The lesser point on which I disagree with Dr. Kissinger is his suggestion that Israel
Must not insist on postponing the beginning of the peace process until democratization on the West Bank is complete. But it has every right to demand the acceptance of genuine coexistence and the disavowal of terrorism before it agrees to move tens of thousands of its settlers from the West Bank.First of all, I don't believe that Israel has made such a demand. More importantly, as the situation in Iraq illustrates, democratic reforms may actually be considerably easier to achieve than a disavowal of terrorism. Whereas disavowing terrorism represents an outright concession to the Israelis in the West Bank and the Americans in Iraq, democracy is something of a win-win proposition.
Speaking more broadly, Kissinger seems to be making the same conceptual error that damaged John Kerry's proposals for Iraq, i.e. the proposition that stability can be achieved without democratization. This proposition, of course, is an extension of the classic Realist doctrine that the relationship between foreign policy and regime type is tenuous at best.
Yet as Bob Kagan has argued quite persuasively (with OxBlog's hearty endorsement), democratization is the most plausible road to achieving stability, even if its accomplishments so far are less than impressive. Kagan's column was about Iraq, but I think the same lesson applies to the PA.
Since Arafat's legitimacy rested on reputation as anti-Israeli figher, he could not make peace without risking his leadership of the Palestinian movement. In contrast, a Palestinian leader with a popular mandate can make peace without sacrificing his own ambitions.
Naturally, the inherent risk in the election process in the PA is that it may result in the election of a President (e.g. Marwan Barghouti) who refuses to disavow anti-Israeli terrorism. Yet the election of a figure such as Barghouti would at least force the Palestinians to take responsibility for their decisions. After five more years of war, they may well vote for a pro-peace candidate.

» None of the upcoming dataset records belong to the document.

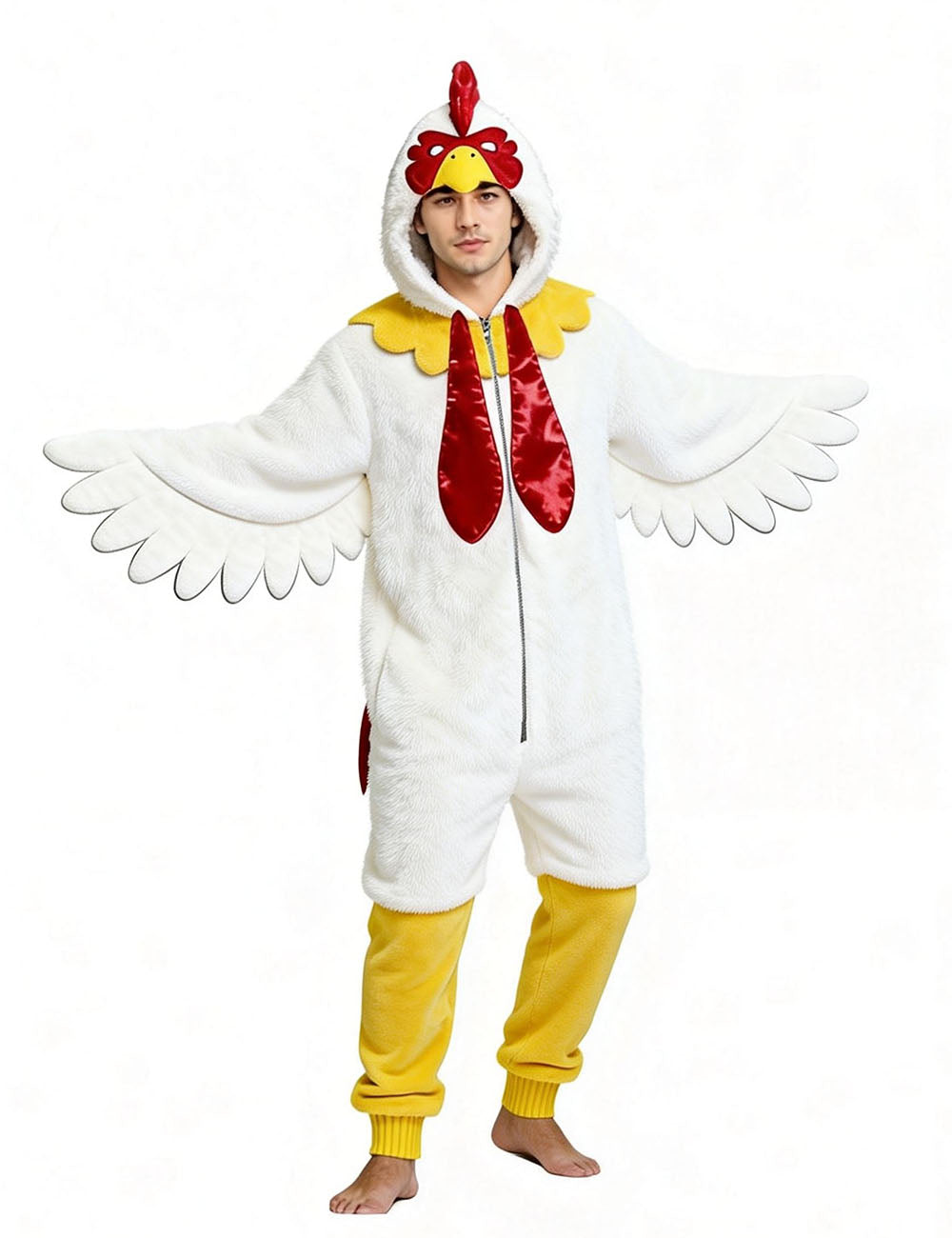 Adult Chicken Onesie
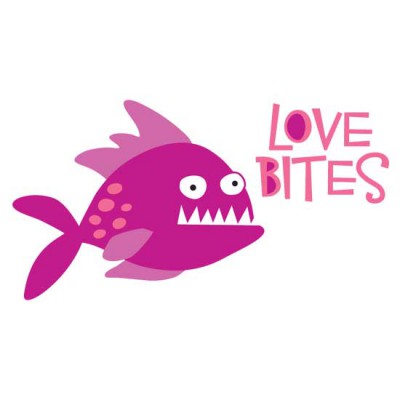 Hooked On You Pirahna - GS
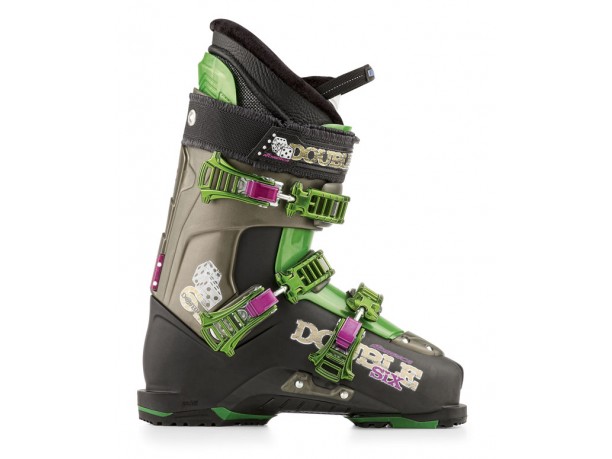 Sci novità Nordica Inverno 2012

Five years is a long time to wait, but what is it compared to the last decade of chaos under Arafat? Throughout that time, Palestinians could blame Israel both for the persistence of conflict as well as the failure of internal reform within the PA.
Barghouti might even turn out to be something of as Sharon -- elected on a hard-line platform only to recognize its futility and then initiate the pursuit of peace. Or perhaps that is only pipe-dream. Even so, the bottom line is that the peace process cannot move forward until Palestinians take joint respoinsibility for its outcome.